_EXCERPTED DATA_.

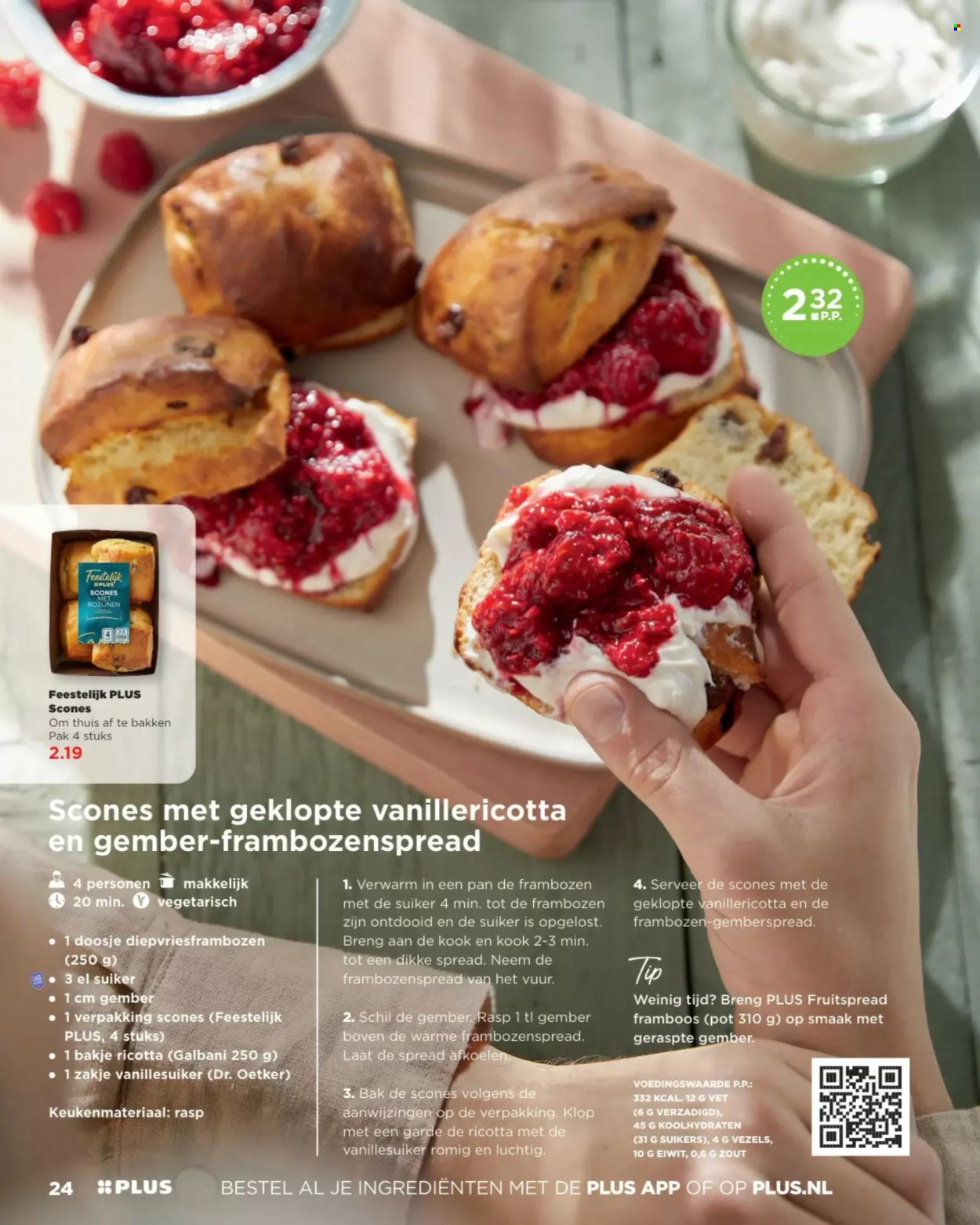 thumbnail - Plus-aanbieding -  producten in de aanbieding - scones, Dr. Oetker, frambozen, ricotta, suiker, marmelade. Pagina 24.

---

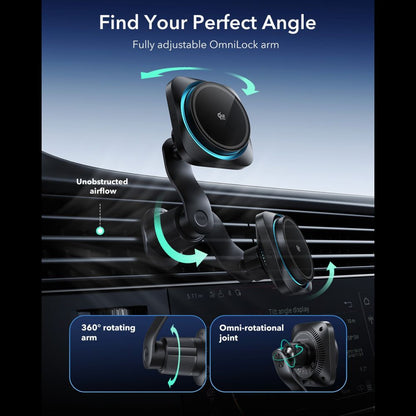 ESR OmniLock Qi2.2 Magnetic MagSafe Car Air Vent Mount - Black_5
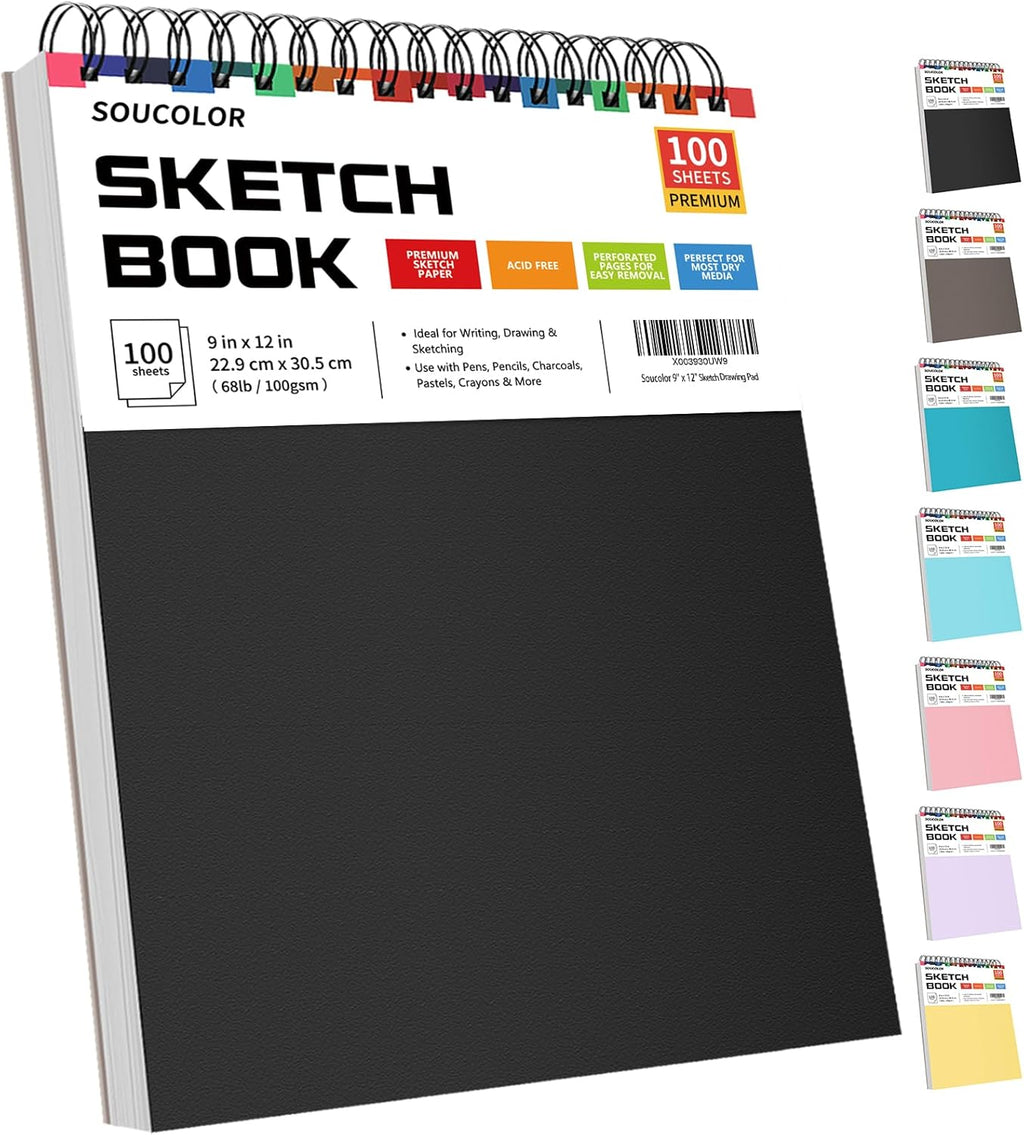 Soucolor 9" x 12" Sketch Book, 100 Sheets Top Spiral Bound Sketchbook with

_WHAT IS REQUIRED_.
Within the listing above, print exactly the stretch beginning at the line that contains "ESR OmniLock Qi2.2" and finishing at the line that contains "Bound Sketchbook with", ends kept, pictures left out, and nothing more.

_RESPONSE BOX_.
 ESR OmniLock Qi2.2 Magnetic MagSafe Car Air Vent Mount - Black_5
 Soucolor 9" x 12" Sketch Book, 100 Sheets Top Spiral Bound Sketchbook with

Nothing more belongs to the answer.